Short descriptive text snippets
- - -
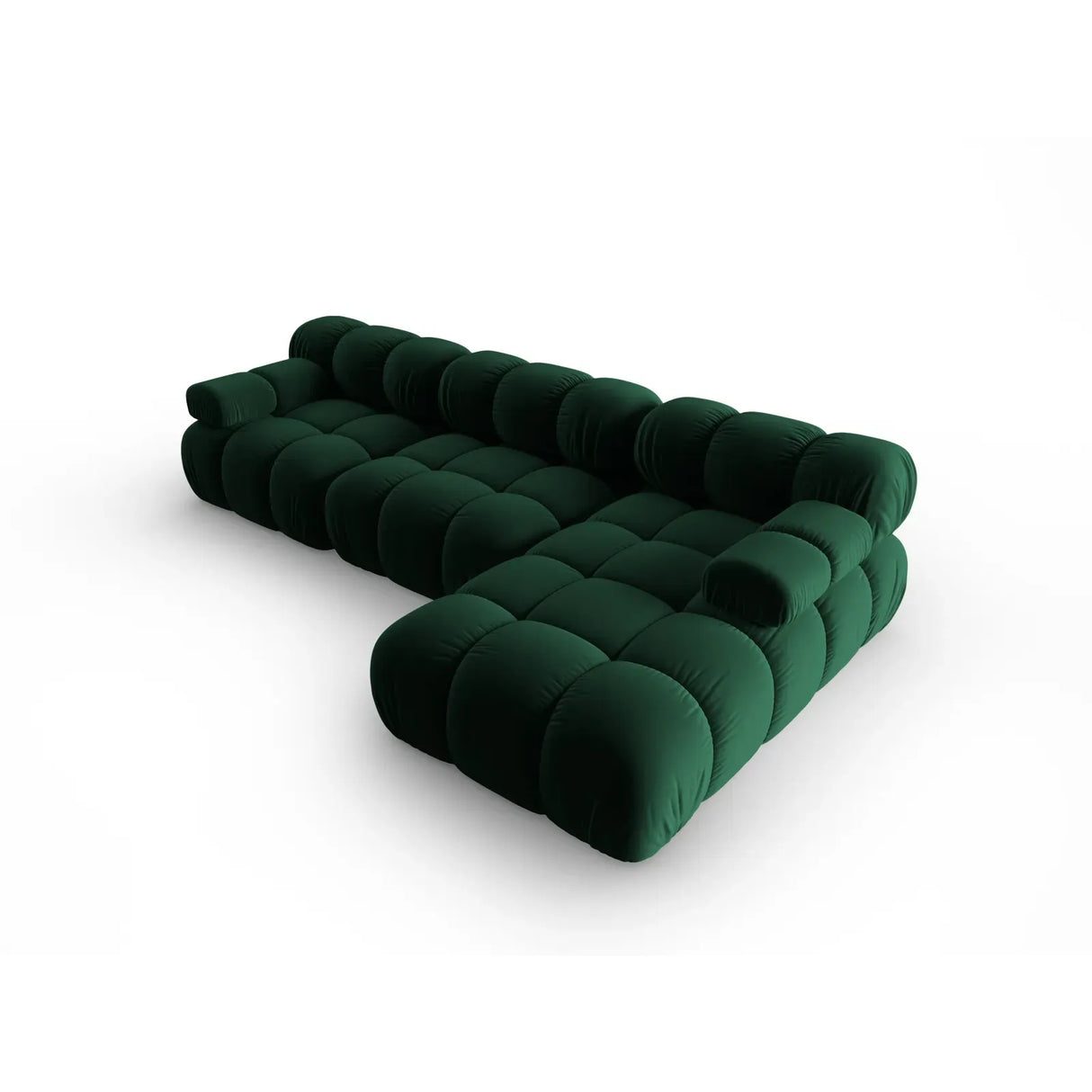 Bellis Modulares 4-Sitzer Sofa Chaise Longue Rechts mit Samtbezug oder 3D-Stoff, 282 cm - ZEN ZONE Furniture
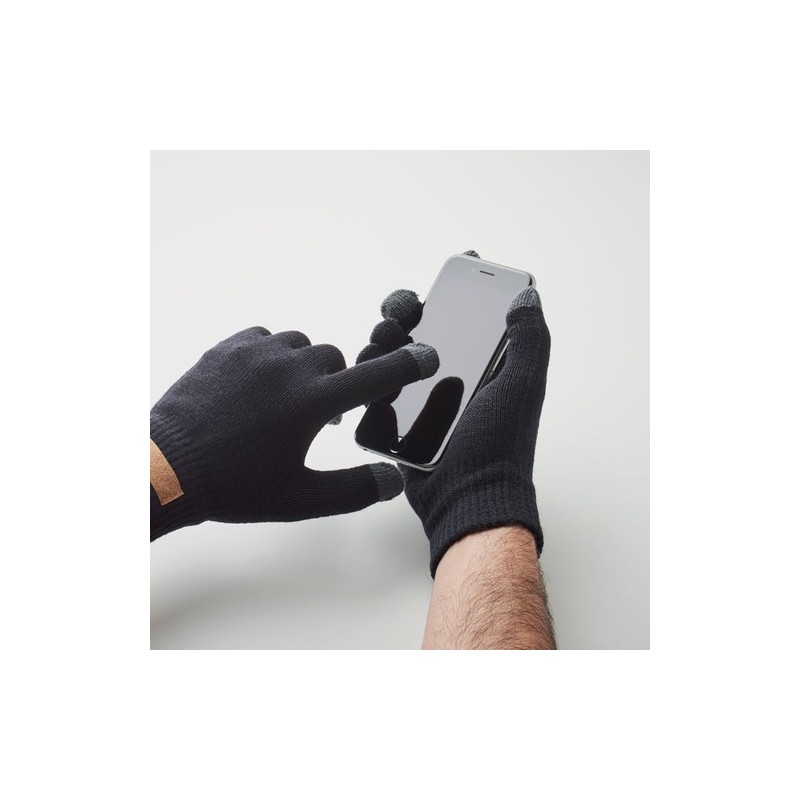 Gants tactiles s en RPET personnalisés - DACTILE Matières : PET recyclé Couleurs : noir cadeau entreprise pas cher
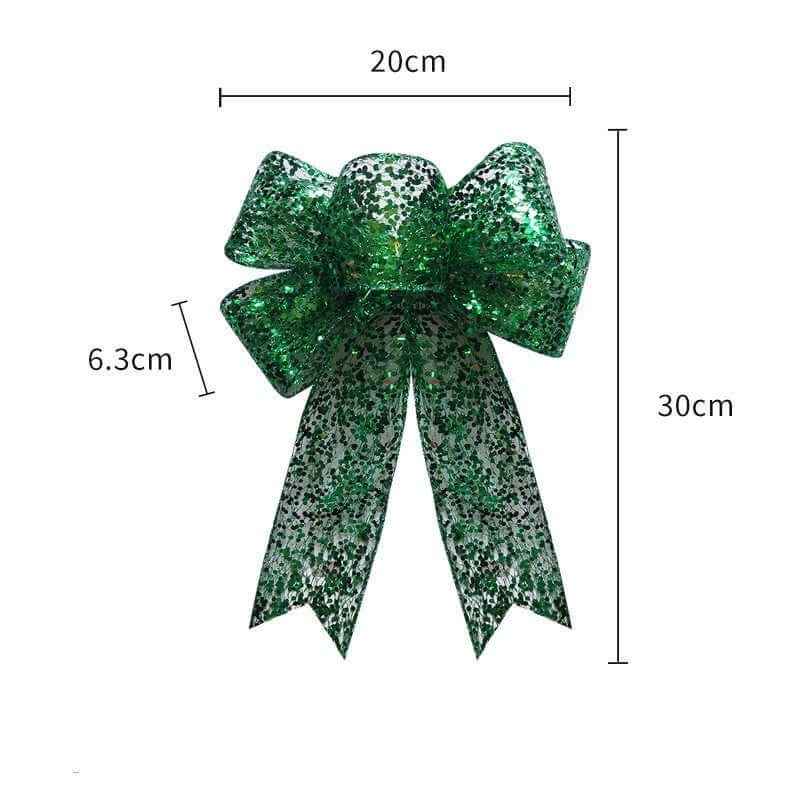 Christmas Bow Ribbon Mesh Finished Product in green, 20cm wide and 30cm tall with 6.3cm ribbon width.
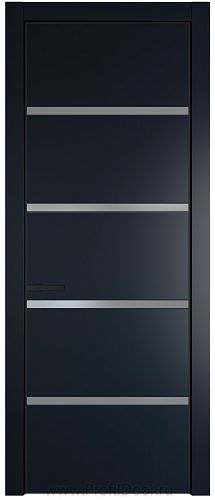 Дверь Profil Doors 23PE цвет Нэви Блу (RAL 7016) кромка Черный матовый RAL9005 стекло Lacobel Серебро Матлак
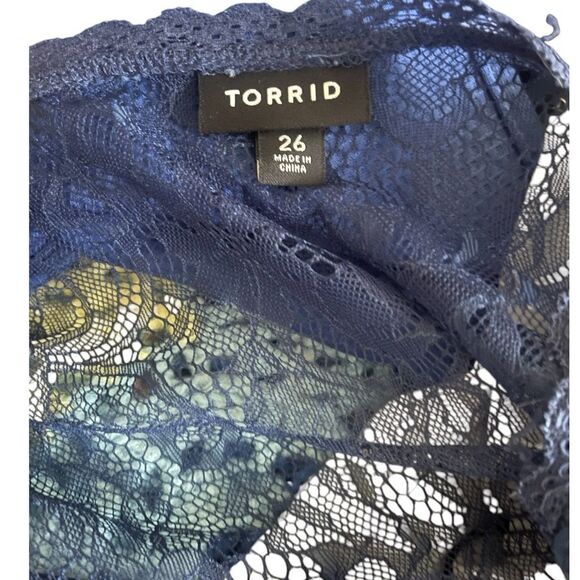 Torrid Plus Size Blue Lace Yoke Midi Dress Size 26 - Picture 5 of 5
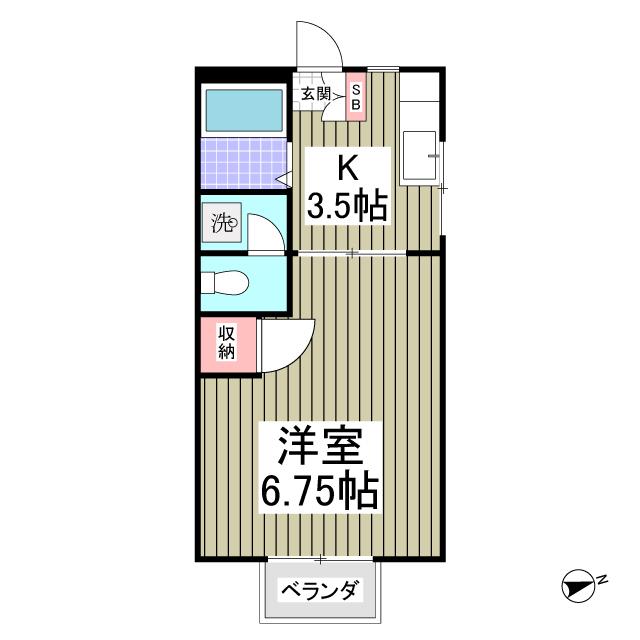 パステルハイツ(1K/1階)の間取り写真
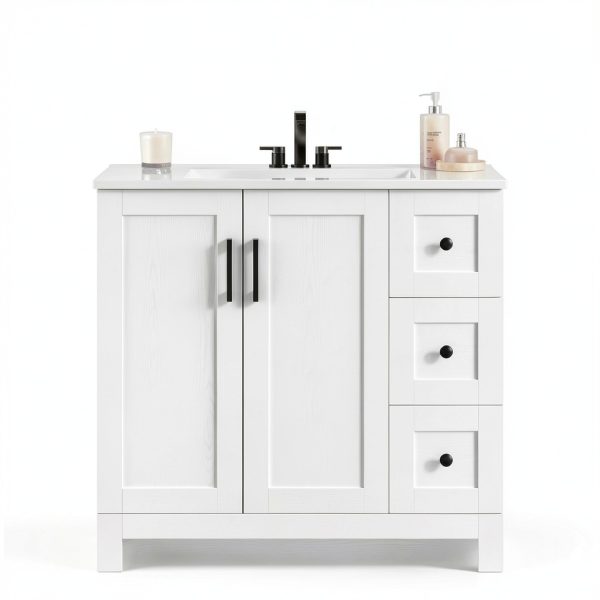 Bathroom Vanity IRONCK 36" White Freestanding with Soft Close Doors-8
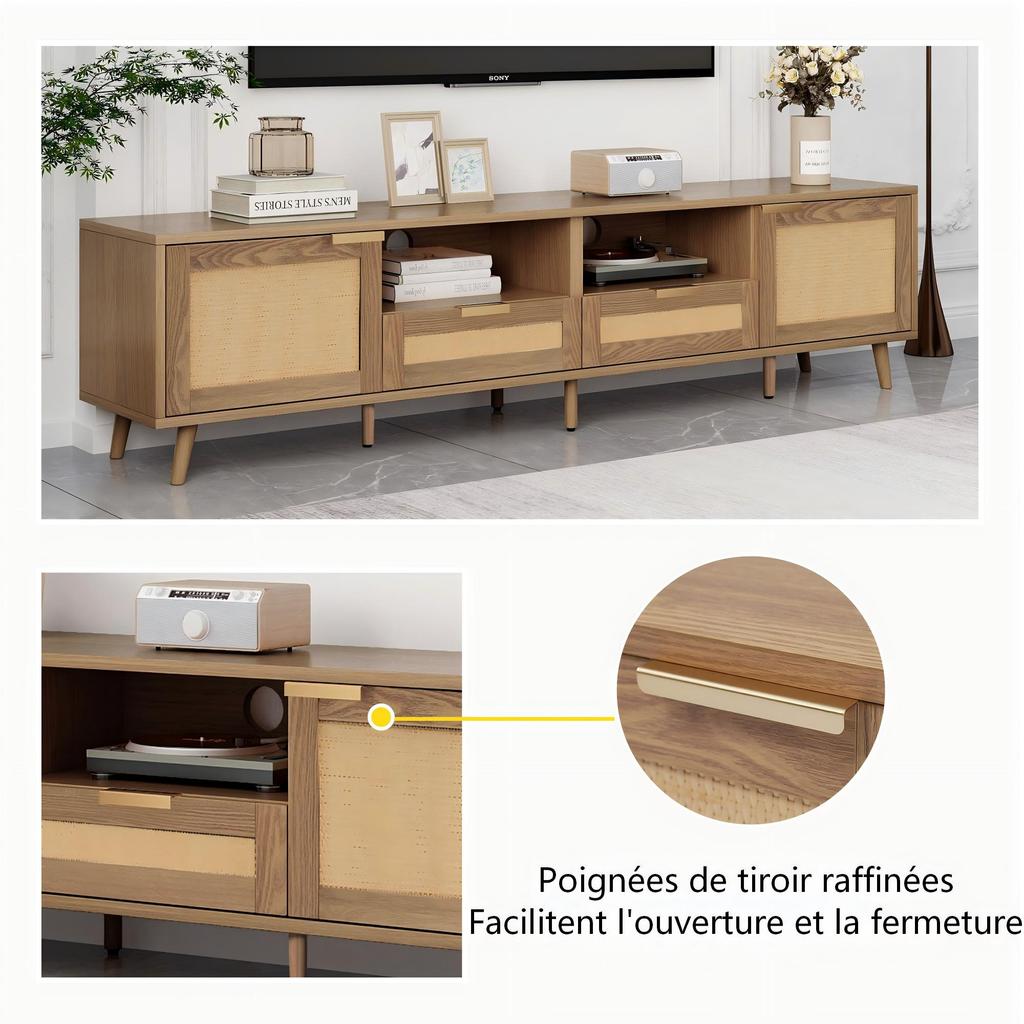 (=N625P237970971A)TV Stand, 200*37*49 cm, Plastic Rattan Design TV Stand, Solid Wood Legs TV Stand, Rattan TV Panel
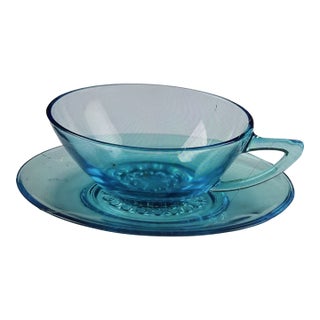 1960s Attributed to Hazel Atlas Capri vivid turquoise-blue Cup and Saucer For Sale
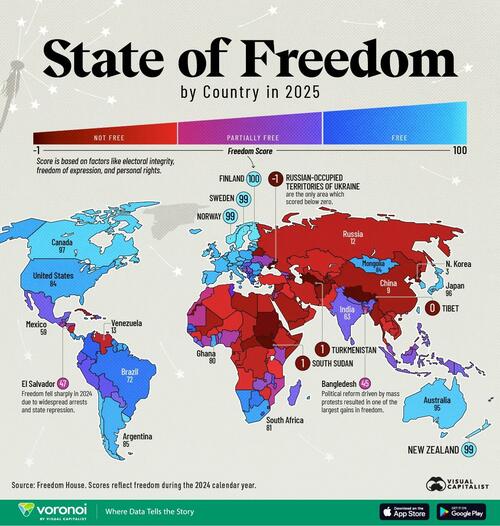 Visualizing The State Of Freedom Around The World thumbnail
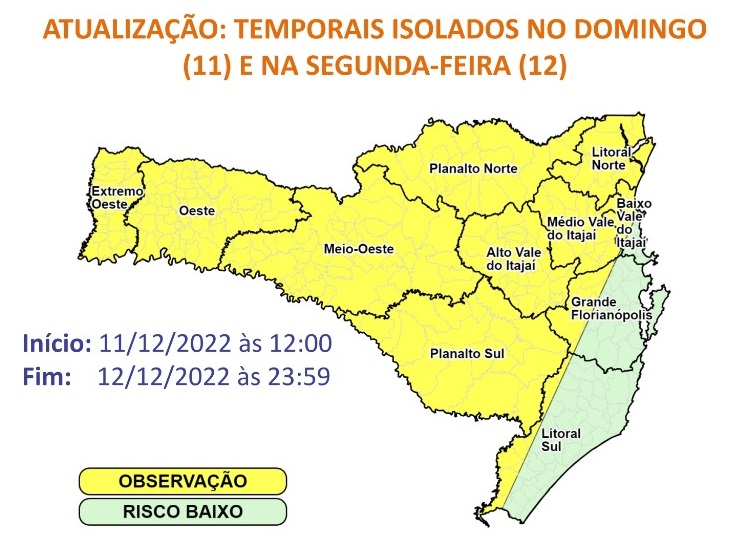SC tem alerta para chuva intensa com risco de temporais neste domingo; veja mapa – Foto: Divulga&ccedil;&atilde;o/DCSC/ND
- - -
What to produce:
Make an exact copy of the records above. Keep out every picture.

Reply to the exercise:
 Bellis Modulares 4-Sitzer Sofa Chaise Longue Rechts mit Samtbezug oder 3D-Stoff, 282 cm - ZEN ZONE Furniture
 Gants tactiles s en RPET personnalisés - DACTILE Matières : PET recyclé Couleurs : noir cadeau entreprise pas cher
 Christmas Bow Ribbon Mesh Finished Product in green, 20cm wide and 30cm tall with 6.3cm ribbon width.
 Дверь Profil Doors 23PE цвет Нэви Блу (RAL 7016) кромка Черный матовый RAL9005 стекло Lacobel Серебро Матлак
 Torrid Plus Size Blue Lace Yoke Midi Dress Size 26 - Picture 5 of 5
 パステルハイツ(1K/1階)の間取り写真
 Bathroom Vanity IRONCK 36" White Freestanding with Soft Close Doors-8
 (=N625P237970971A)TV Stand, 200*37*49 cm, Plastic Rattan Design TV Stand, Solid Wood Legs TV Stand, Rattan TV Panel
 1960s Attributed to Hazel Atlas Capri vivid turquoise-blue Cup and Saucer For Sale
 Visualizing The State Of Freedom Around The World thumbnail
SC tem alerta para chuva intensa com risco de temporais neste domingo; veja mapa – Foto: Divulga&ccedil;&atilde;o/DCSC/ND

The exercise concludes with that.